Organised in collaboration with American Corner Hyderabad and Centle, the two-day workshop showed students how no-code platforms could be used to build working AI agents, with no programming background required.

Update: 2025-06-20 21:45 GMT
“This isn’t just about technology, it’s about choices, who builds it, how it’s used, and what values are embedded in it,” said Melissa Nandula, American Spaces Programming Coordinator at Hyderabad.—Internet

Hyderabad: What happens when AI isn’t just answering prompts, but making decisions, completing tasks, and acting independently? At St Francis College for Women, students from across Hyderabad got hands-on with agentic AI, a model that shifts AI from passive automation to intelligent, goal-driven systems that can perform complex functions like drafting job applications, responding to emails, summarising news, or conducting research.

“This isn’t just about technology, it’s about choices, who builds it, how it’s used, and what values are embedded in it,” said Melissa Nandula, American Spaces Programming Coordinator at Hyderabad. “Agentic AI is going to shape how people work, communicate, and solve problems. But that means we also have to ask tough questions about trust, responsibility, and ethics.”

Organised in collaboration with American Corner Hyderabad and Centle, the two-day workshop showed students how no-code platforms could be used to build working AI agents, with no programming background required. But alongside the technical, the focus remained firmly on context and consequence.

“We want students to see that AI isn’t magic.
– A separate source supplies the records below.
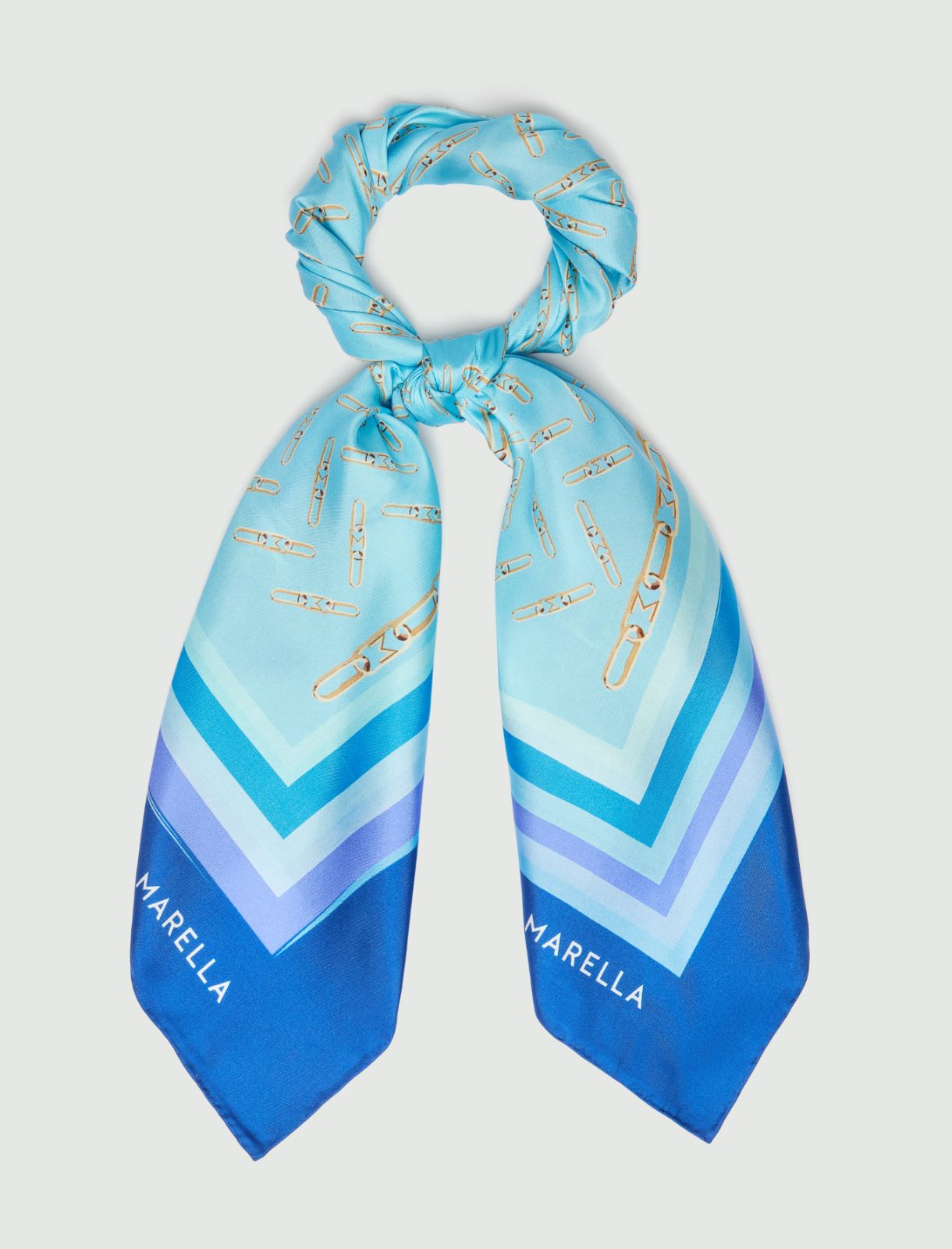 Logo neckerchief - Light blue - Marina Rinaldi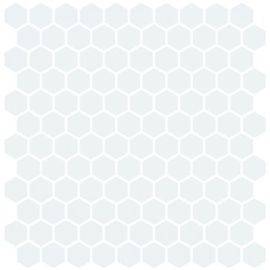 Стъклена мозайка ONIX Hex Natureglass White Matte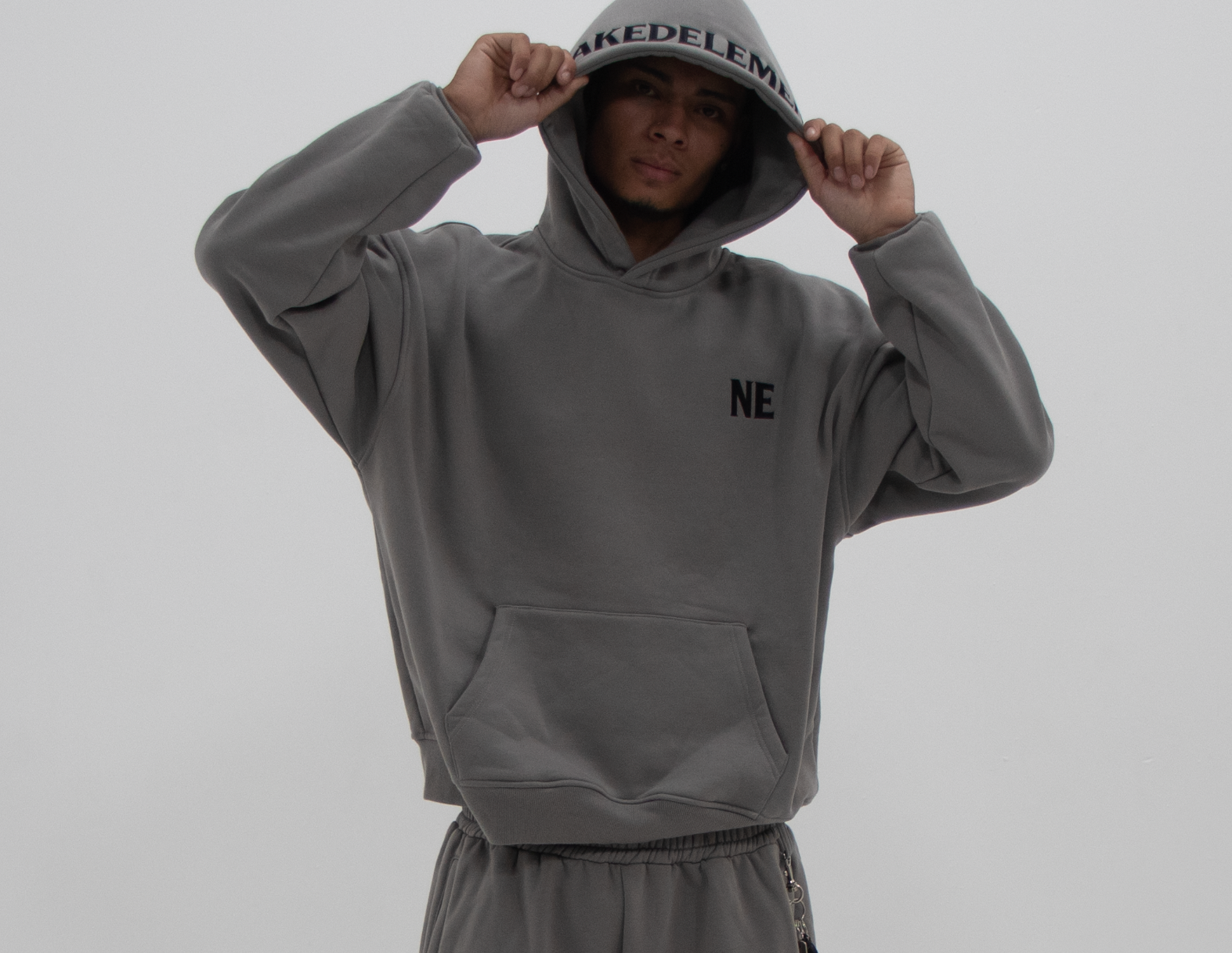 NAKEDELEMENT Heavyweight Hoodie — Grey (410 GSM)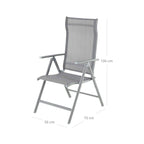 Tuinstoelen – set van 2 – grijs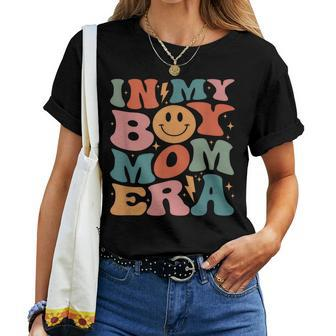 In My Boy Mom Era Groovy Mom Of Boys Gifts Funny Mothers Day  Women T-shirt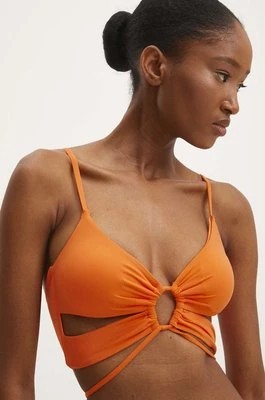 Zdjęcie produktu Answear Lab biustonosz kąpielowy kolor pomarańczowy lekko usztywniona miseczka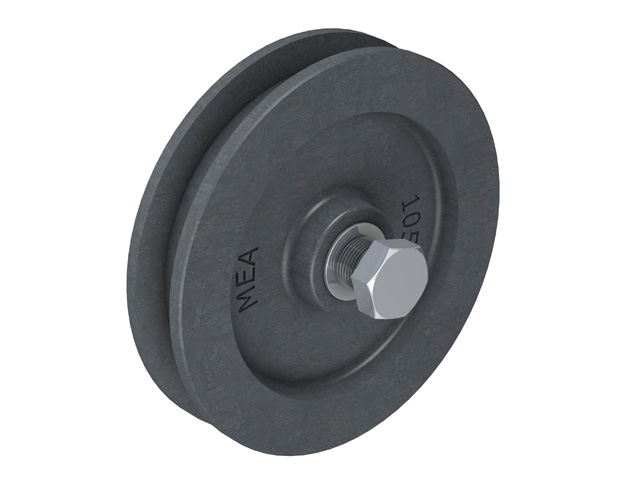 Rouleau de portail coulissant en vrac, rouleau- Ø 140 mm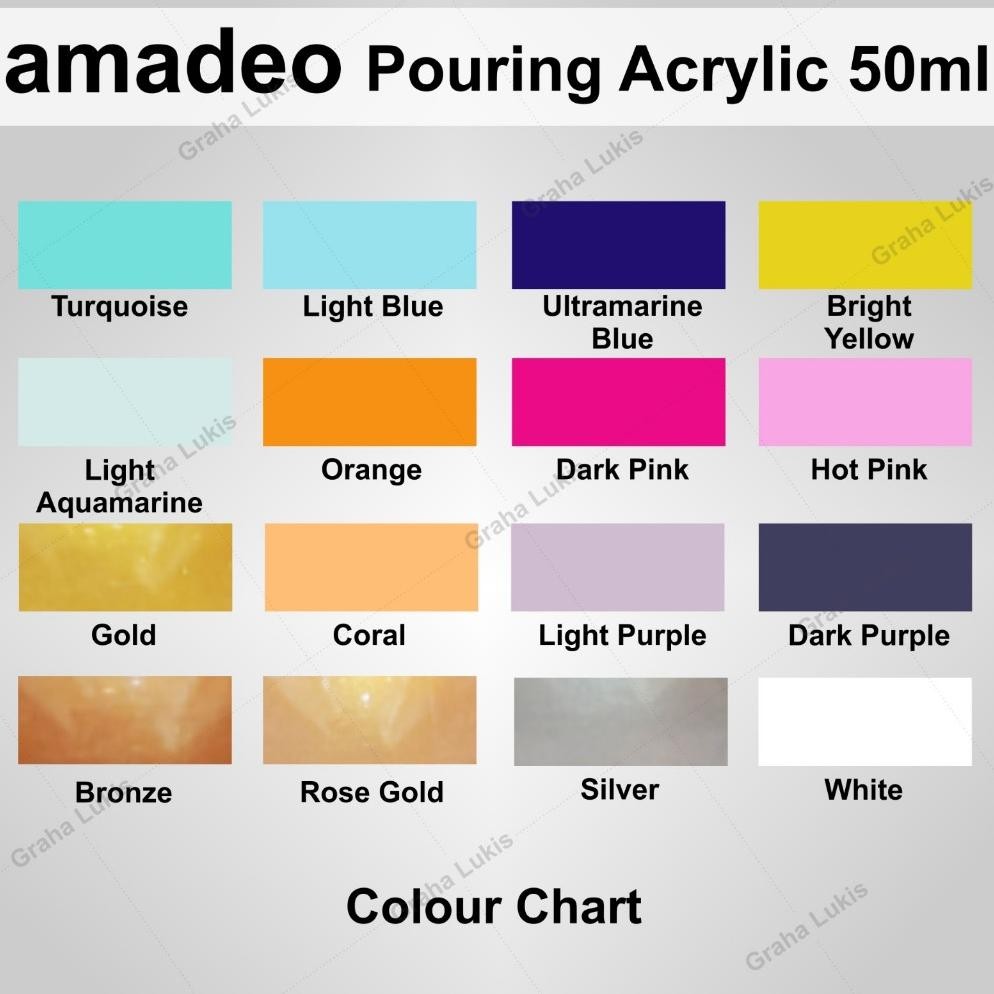 

Amadeo Pouring Acrylic Paint 50ml Terlaris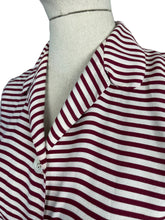 Load image into Gallery viewer, Original 1940’s CC41 Burgundy and White Floppy Cotton Day Dress with Pockets - Bust 36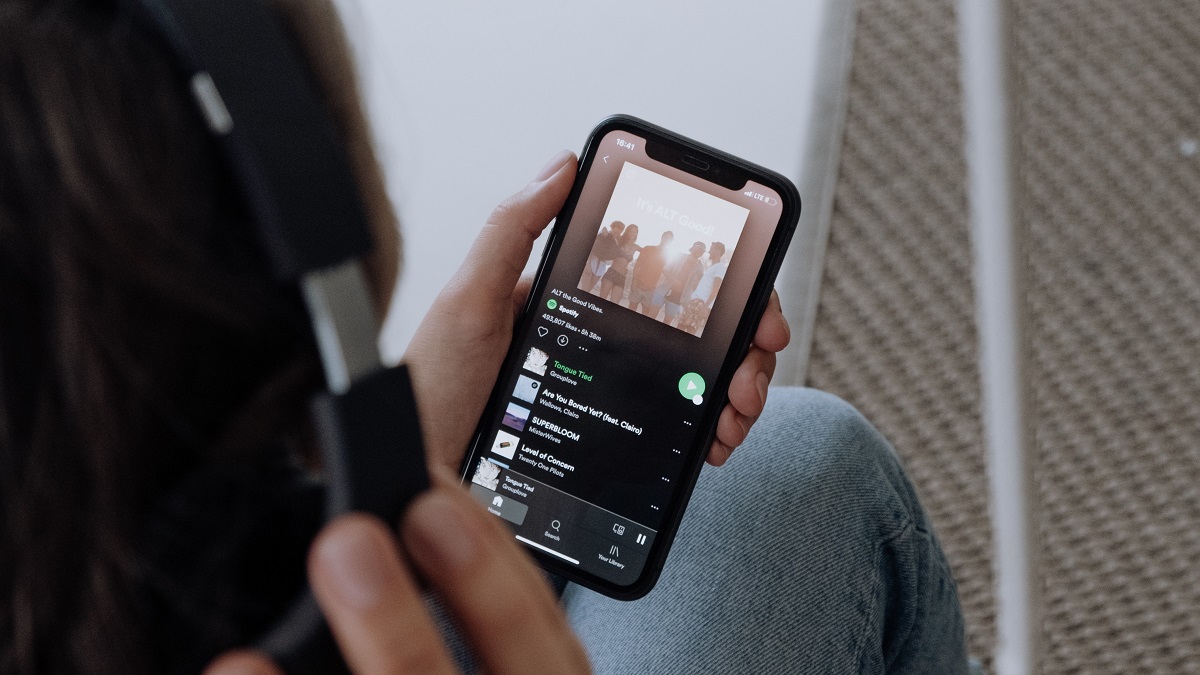 Someone listening to Spotify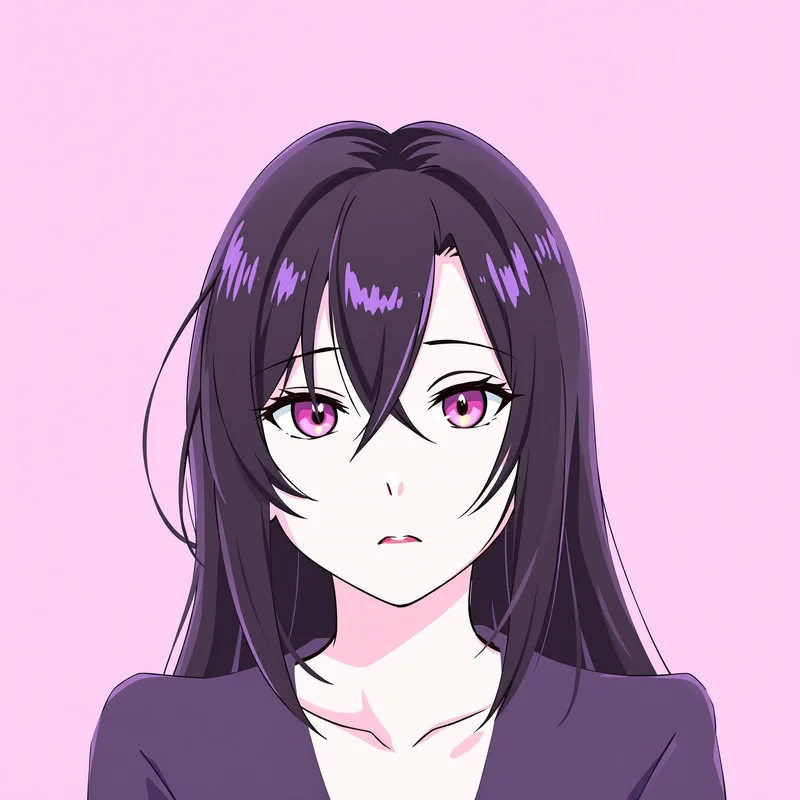 dynamic Momo profile avatar with bright pastel tones for avatar display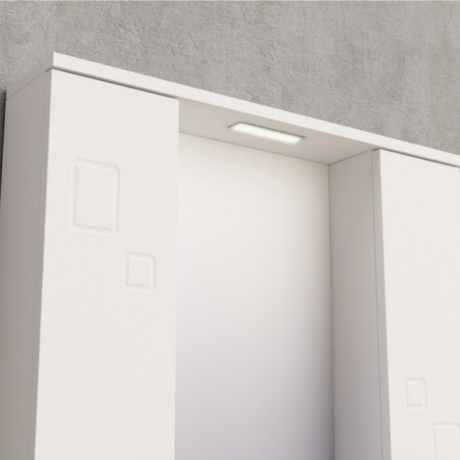 Огледален PVC шкаф с LED осветление ICMC 1034-60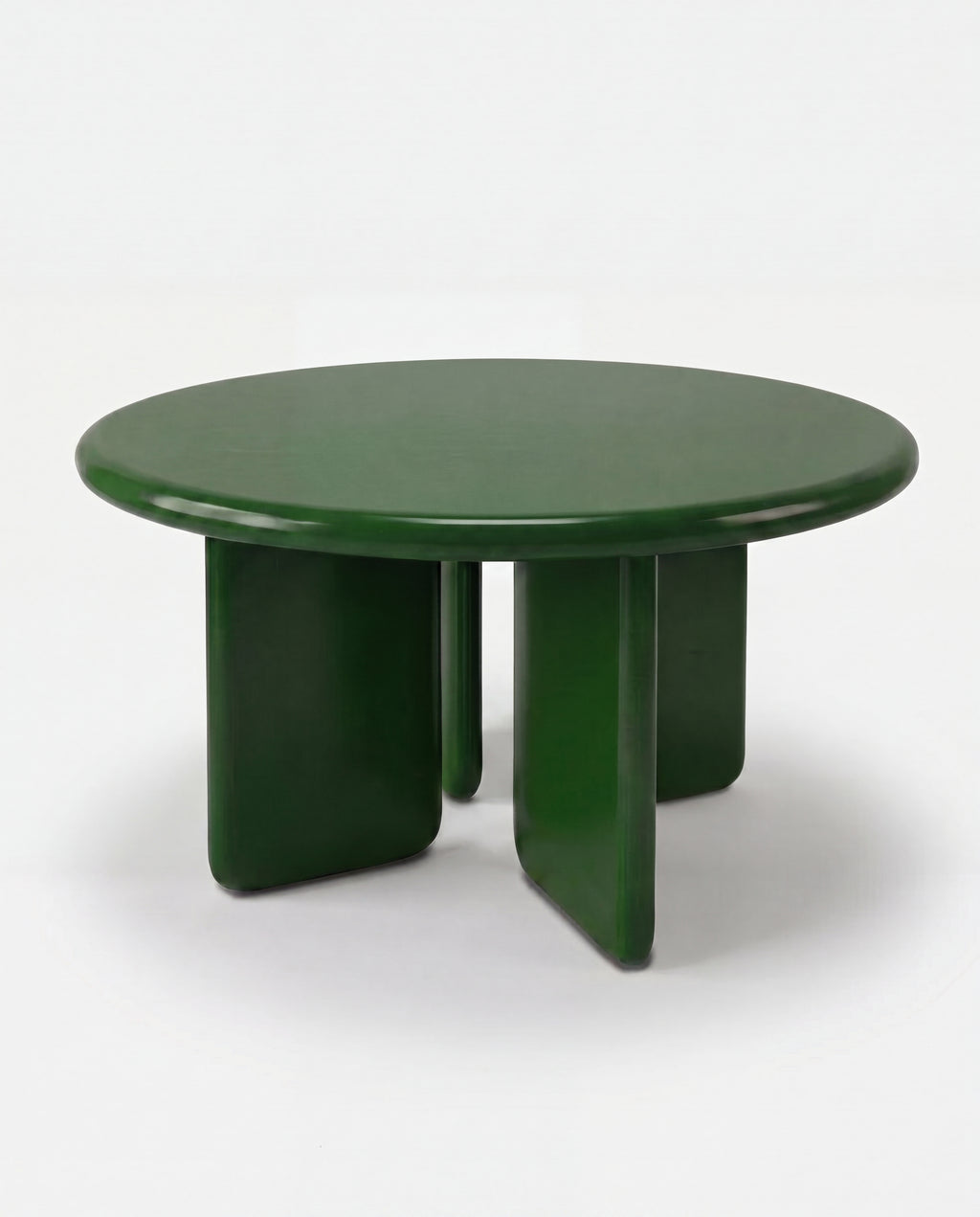 Chunky Round Table Dark Green
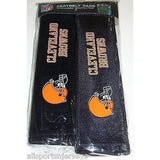 NFL Cleveland Browns Velour Seat Belt Pads 2 Pack by Fremont Die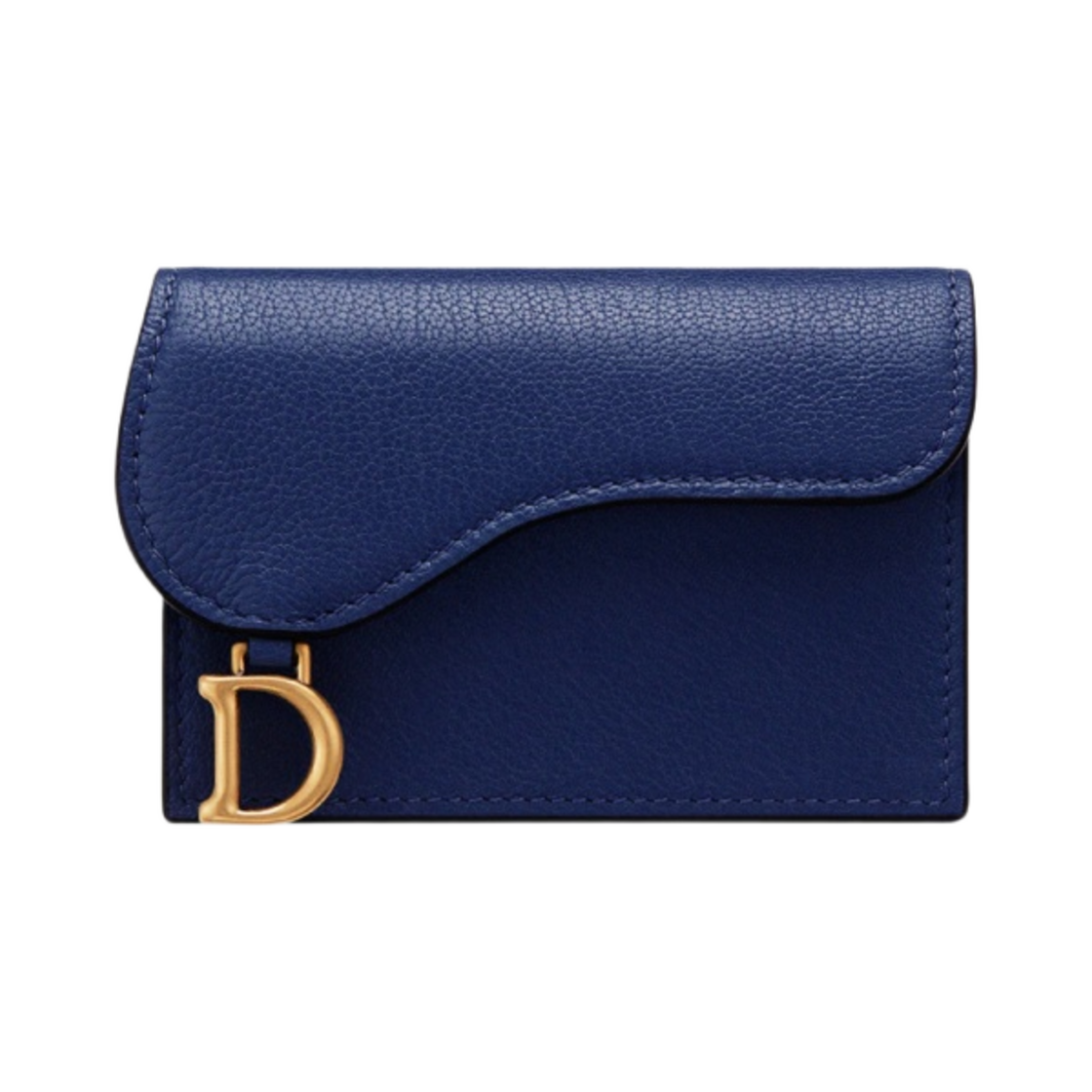 디올 고트스킨 새들 플랩 카드 홀더 로얄 블루(Dior Goatskin Saddle Flap Card Holder Royal Blue) - 1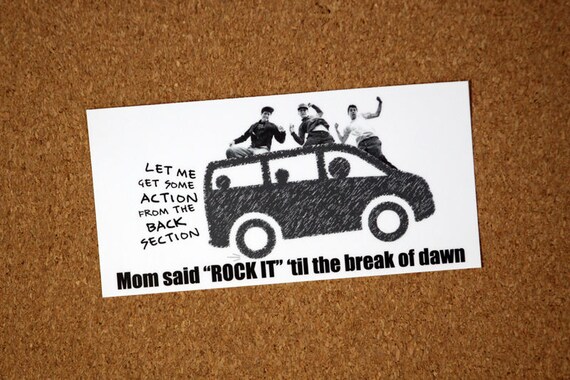 Beastie Boys Vinyl Die Cut Decal Sticker – Black, Glossy Finish (Free Shipping)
It’s a system built by people, for people,” said Sai Krishna, co-founder of Centle. “If we’re giving AI goals, we have to understand whose goals those are, and what happens if they’re wrong.”

During a panel discussion on AI in Command: Ethics, Autonomy, and Accountability, Rakesh Dubbudu, the founder of Factly, warned against the temptation to treat AI systems as neutral tools. “If a system denies someone benefits or makes a life-impacting decision, who answers for that?” he asked. “We can’t let ‘the AI did it’ become the new excuse.”

Padmashree, assistant professor at St Francis, said students must learn to question not just what AI does, but what it shouldn’t do. “Bias isn’t a bug, it’s a design choice we often fail to notice. We have to be intentional about what we’re building into these agents.”

Prof T. Uma Joseph, principal, said the real goal is to shape informed creators, not just users. “Agentic AI marks a turning point, we’re moving from tools that serve instructions to agents that interpret, decide, and act. And that comes with civic responsibility.”

The event concluded with remarks by Veena Thangavelu, political-economic officer, who urged students to step into leadership roles in emerging tech. “Workshops like this are about more than skills. They’re about shaping the values that guide how AI evolves, and you don’t need to be a coder to do that.”

Around 175 participants from colleges across Hyderabad took part in the programme, building their own AI agents, engaging in critical dialogue, and coming face to face with the bigger questions AI raises.